Work instruction — Exactly the lines below starting at the line with "Arab or Arabic" and ending at the line with "シンプル　イラスト　笑顔の若い夫婦 人物 126957199" are wanted, with both ends included. Leave out the pictures and add no other lines.

Records —

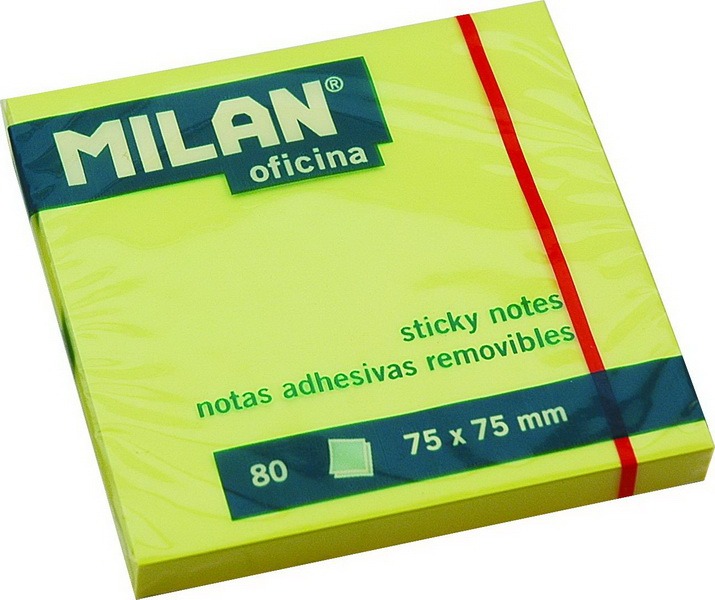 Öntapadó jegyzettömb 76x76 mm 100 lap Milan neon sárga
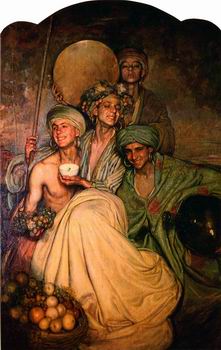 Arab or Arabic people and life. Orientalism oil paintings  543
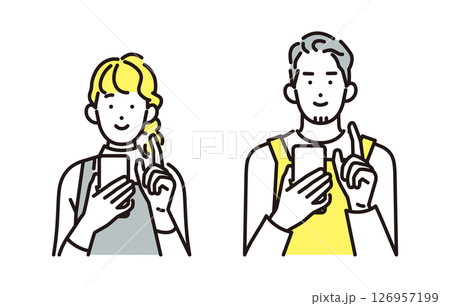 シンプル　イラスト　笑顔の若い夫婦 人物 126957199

* * *

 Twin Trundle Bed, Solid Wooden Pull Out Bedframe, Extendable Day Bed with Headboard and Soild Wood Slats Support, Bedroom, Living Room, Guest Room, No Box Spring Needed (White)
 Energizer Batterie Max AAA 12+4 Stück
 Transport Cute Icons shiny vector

--

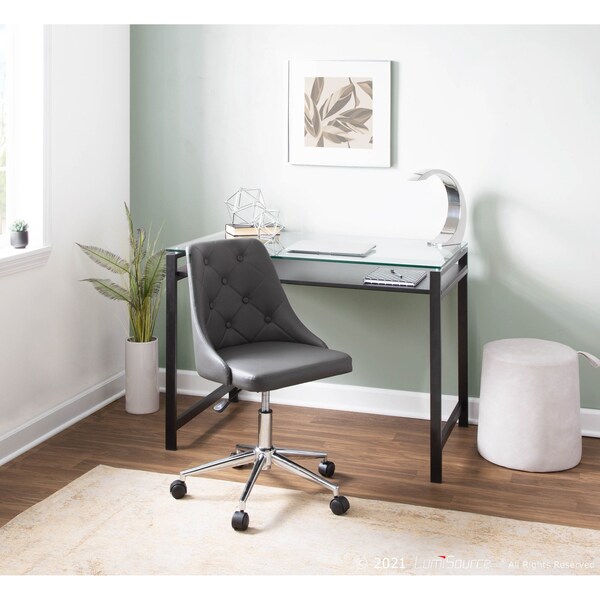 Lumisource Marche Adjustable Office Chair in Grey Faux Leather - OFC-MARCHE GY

Answer space —
 Arab or Arabic people and life. Orientalism oil paintings  543
 シンプル　イラスト　笑顔の若い夫婦 人物 126957199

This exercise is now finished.